Buell Motor Company is aware of the project and has agreed to support it with accessories to evaluate and include in the report. Having spent my own money I will not, as journos are often accused of doing, be writing the review to please the factory. Over the course of the next year or so, I will report like any other rider that has saved their money and spent it on a bike.
As a potential buyer, I studied the bike and read all of the internet forums carefully. Out of everything I learned one thing was certain; internet forums can be a scary place. The Uly is either loved or loathed in these circles. There seems to be an enthusiasm surrounding this model, but a lot of buyers are scared that it will self destruct as soon as they sign their name, or their friends and family will disown them. Oftentimes a buyer will opt for a model with more universal approval instead of the bike they really want. For this reason, I will be “journaling” life with my 2008 Ulysses for the next year (10,000-15,000 miles). Hopefully this “journal” can be used as a resource for first time Buell owners as it is written by a first time Buell owner.

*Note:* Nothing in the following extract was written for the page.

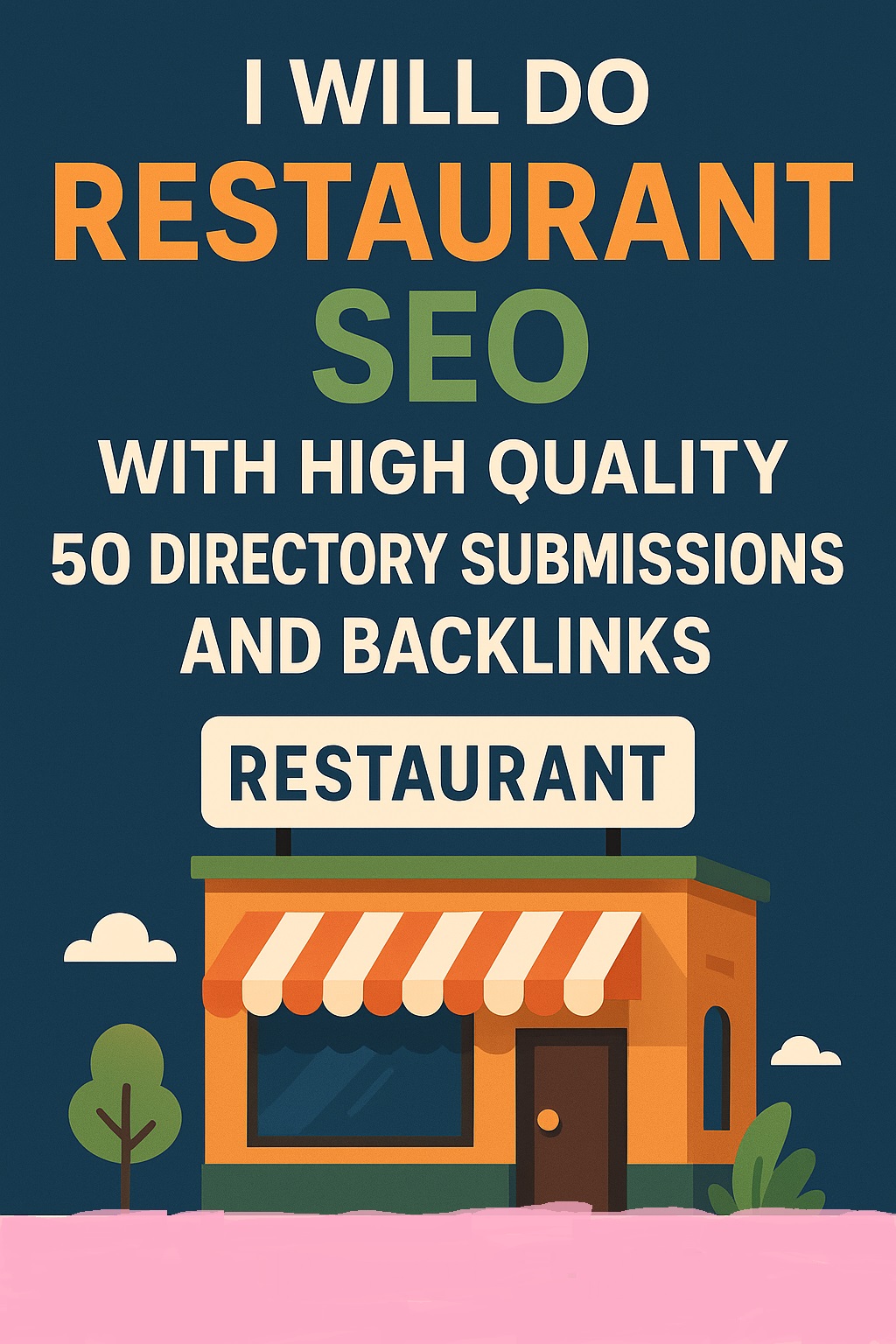 I will do restaurant SEO with high quality 50 directo...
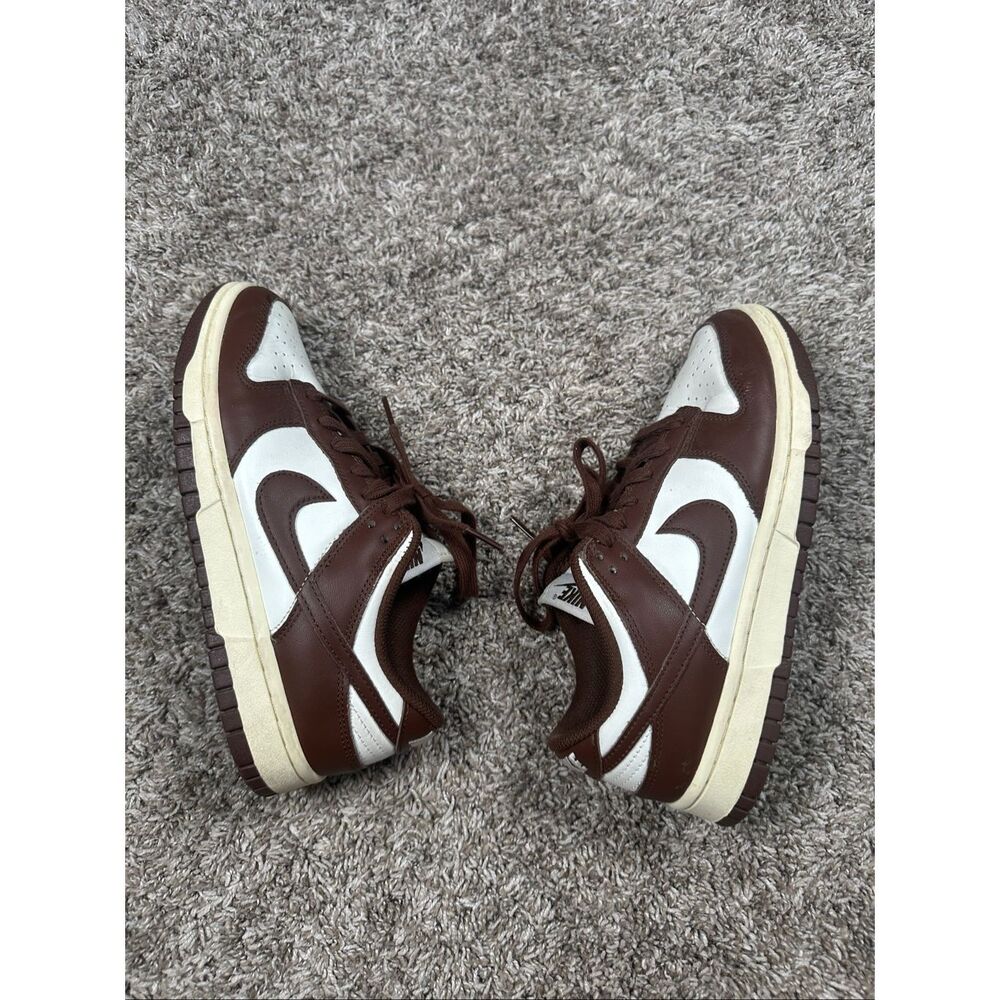 nike dunk low sneakers  cacao wow women’s size 7.5 shoes low tops brown white - Picture 7 of 9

Honestly, I caught a bit of hell and some ribbing from friends and family for buying a Buell. After meeting some friends for breakfast, my dad and I loaded up for a 300+ mile day and got set to head out. A few friends of mine on V-Stroms offered their cell phone numbers in case the American bikes broke (me on a Buell and my dad on a Harley), and they had to come rescue us. Very nice of them, no doubt, but we didn’t need their services.

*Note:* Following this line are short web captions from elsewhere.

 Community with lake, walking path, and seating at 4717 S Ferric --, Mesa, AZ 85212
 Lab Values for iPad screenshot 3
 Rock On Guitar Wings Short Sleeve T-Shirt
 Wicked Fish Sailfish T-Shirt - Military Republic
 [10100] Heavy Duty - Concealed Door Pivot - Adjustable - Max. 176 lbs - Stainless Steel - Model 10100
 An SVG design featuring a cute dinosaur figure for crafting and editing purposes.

The Ulysses is different, and may cause a few furrowed brows and curious looks when it shows up. Rest assured, you’ll hardly ever stop for gas without being asked, “What is that?” It seems even in the motorcycle industry Buell is viewed as somewhat of an outsider. After all, one look at the bike and you’ll see features no other company employs. There are several innovations and patents, touted by the company’s namesake, Erik Buell, that make up this package and add to its unique character.
The aluminum frame’s large beams are hollow, and double as a fuel tank carrying 4.4 gallons of premium unleaded, as the plastic cover on top where the fuel tank would be is the air box cover. The swing arm pulls double duty as well and acts as the oil reservoir.
Look more closely and you’ll see the muffler is tucked beneath the 1203cc air cooled V-twin to further lower the center of gravity, and the 6 piston front caliper squeezes the massive floating rotor from the inside out. All of these characteristics are said to reduce overall mass and un-sprung weight, increase rigidity, eliminate unnecessary parts, and all together function to create a better handling motorcycle.
The 12X was designed to be a rider’s motorcycle; the final belt drive is maintenance free, and there are no valve adjustments necessary for the air cooled, 4 cam mill thanks to the hydraulic lifters. There’s no coolant to drain, and services are as simple as draining engine oil and primary fluid every 5,000 miles, and swapping spark plugs and fork oil at twice that interval. Keep an eye on clutch adjustment and primary chain tension when you freshen up fluids, and you’re off and riding for another 5K miles.
For 2008, the 12X comes standard with heated grips, and Buell has increased steering lock to a more user friendly 74 degrees. The diameter of the forks has been increased to 47 mm to further improve handling and front end rigidity and feel. The seat has also been reshaped to help shorter riders reach the ground, which, at 5’8” in boots, is a feature I truly could not live without.
For the new model year, redline has been bumped up to 7,100 RPM’s. The timing has been updated and now operates off of a crank position sensor, and the throttle position sensor has been changed to a unit that is easier to calibrate, thus simplifying and minimizing service time to attain proper adjustment. The oiling system has been updated from lessons learned on their XBRR race bike, and is said to have increased cooling capacity thanks to a higher output oil pump and a larger oil cooler, as compared to pre-2008 model 12X’s.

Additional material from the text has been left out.